Being on HackerNews, One week on

Peaker · 14 years ago

9000 visitors a day averages about 0.1 visitor per second.

Let's say that the peak is 100 times more frequent than the average, so that would be about 10 visitors/second.

Being a systems developer, and not a web programmer, I work on software that handles tens of thousands of requests/sec. I don't understand why around 10 visitors/second would be a difficulty with semi-modern hardware. How many requests does that translate to?

This is a genuine question, can anyone explain what is it that takes so much work in handling a web request?

unconed · 14 years ago

Web servers used to serve just static pages. So when dynamic web applications were invented (e.g. CGI), they tried to slot in as transparently as possible. The web server would invoke a process, pass in the HTTP request, and get back the appropriate HTML to send to the client.

Languages like PHP follow the same model, and as a result, every single page request is processed independently. All the raw data is retrieved from the database, is processed appropriately for output (e.g. turning content into HTML), is run through a templating engine, and assembled with the right CSS and JS so it can be served. This is attractive from a rapid development point of view, because you can deploy changes instantly and can scale it out horizontally just by adding more servers, without any additional work.
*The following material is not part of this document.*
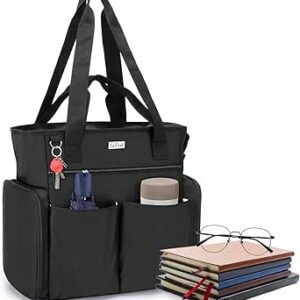 لو دريد شنطة يد كبيرة توت للمعلمين مع جزء سفلي مبطن، شنطة ادوات للمعلمين مع مساحات لابتوب مقاس 15.6 انش، شنطة عمل للمعلمين للنساء، شنطة حمل للمعلمين مع العديد من الجيوب الداخلية والخارجية، للعمل، اسود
However from an efficiency standpoint this sucks, and this is why the most common fix is to place a static HTML cache in front of it (e.g. Varnish) as well as opcode caches, object caches, etc. This only works if all your visitors see the exact same thing (e.g. a HackerNews discussion thread). If you use 'write through caching', then you can control the rate of updates independently of the amount of traffic you receive, and you can handle traffic pretty well.

If your pages are dynamic, you need a different approach. You'll want to cache all the static chunks of each page, and assemble them together with the dynamic parts on-demand. The extreme example is Facebook: everyone sees something different. The only way to scale this out is to parallelize everything, with your first tier of web machines making many simultaneous requests to a farm of servers behind them, delivering all the pieces within a relatively constant time.
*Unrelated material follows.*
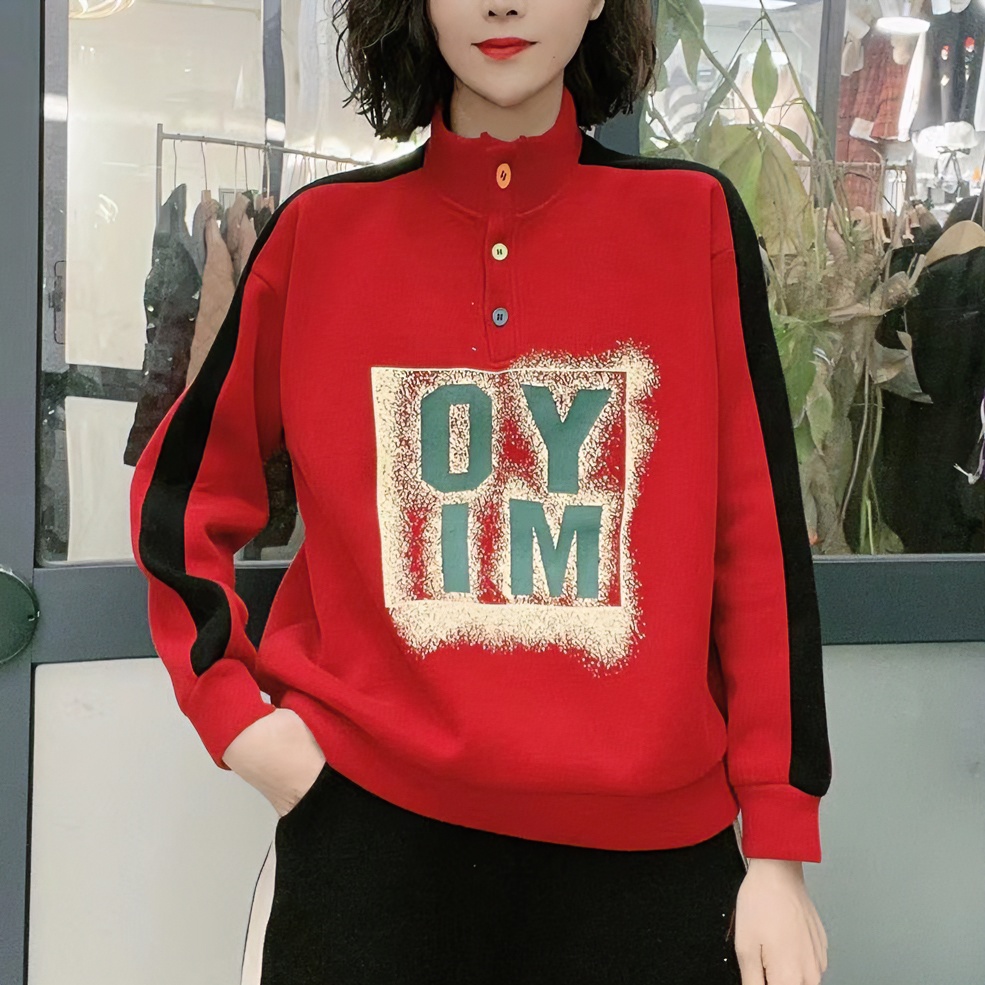 【众帆女装】秋冬时尚加绒保暖高工印染印花宽松百搭立领休闲上衣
The problem is that such a parallel architecture is both unnecessary for a small web app, as well as involves a leap in complexity and know-how that is undesirable for small teams. Hence, there is an increasing technological gap between what hobbyists/start-ups do, and what the giants are doing.
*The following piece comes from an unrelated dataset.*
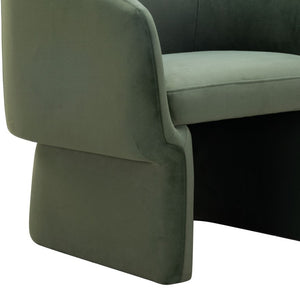 Safavieh Susie Barrel Back Accent Chair Curved Upholstered Wood Frame for Living Room Green SFV4781G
Edit: it's also important to realize that the web loves 'inefficient' dynamic languages not because they're dumb, but rather because development is very rapid, very experimental, involves designers, UX experts and marketers, and you don't want to be forced to make long-lasting decisions early in your development process.

InclinedPlane · 14 years ago

If you're hosting something chunky like stock wordpress on stock apache/php with stock mysql on the same server and your hardware is nothing more than a $20/mo. VPS from linode with a mere 512mb of ram then getting that sort of a traffic spike can quite easily shutdown your site. More so if you have an app that's even more resource intensive than WP.

If you're willing to throw either time or money at the problem then it goes away easily. But both resources are typically limited.

beck5 · 14 years ago

The problem with ShareLaTeX is the compiling of the latex documents, compiling a pdf may take a few seconds, if 10 people do that at the same time then things start to slow down....

___Calv_Dee___ · 14 years ago

I feel like this would be a common mistake when getting caught up in the moment of completing a dev project. You're so anxious to launch the site/app that load balancing factors could be overlooked. This seems like it could be really detrimental as you're pretty much canning your first impression when your backend crashes. Anyone up for sharing their horror stories of launching before their backend could handle the traffic? I feel like it could provide for some good insight in regards to patience and thought when it comes to launching.

verelo · 14 years ago

I love this traffic graph, looks very similar to past HN type analytic graphs ive seen.

I would say a big lesson people should learn from you and others is, use load balancers. At least if traffic spikes, you can add another server (provided you have an image sitting by waiting and your code doesnt mind being load balanced).

beck5 · 14 years ago

Makes sense when you get a bit bigger, for me a load balancer would just about double my hosting costs at the moment. Probably the difference between a weekend project like ShareLaTeX and a startup of 4 people.

shaka881 · 14 years ago

Collaborative typesetting is indeed cool, but the domain name promised far more excitement than it delivered.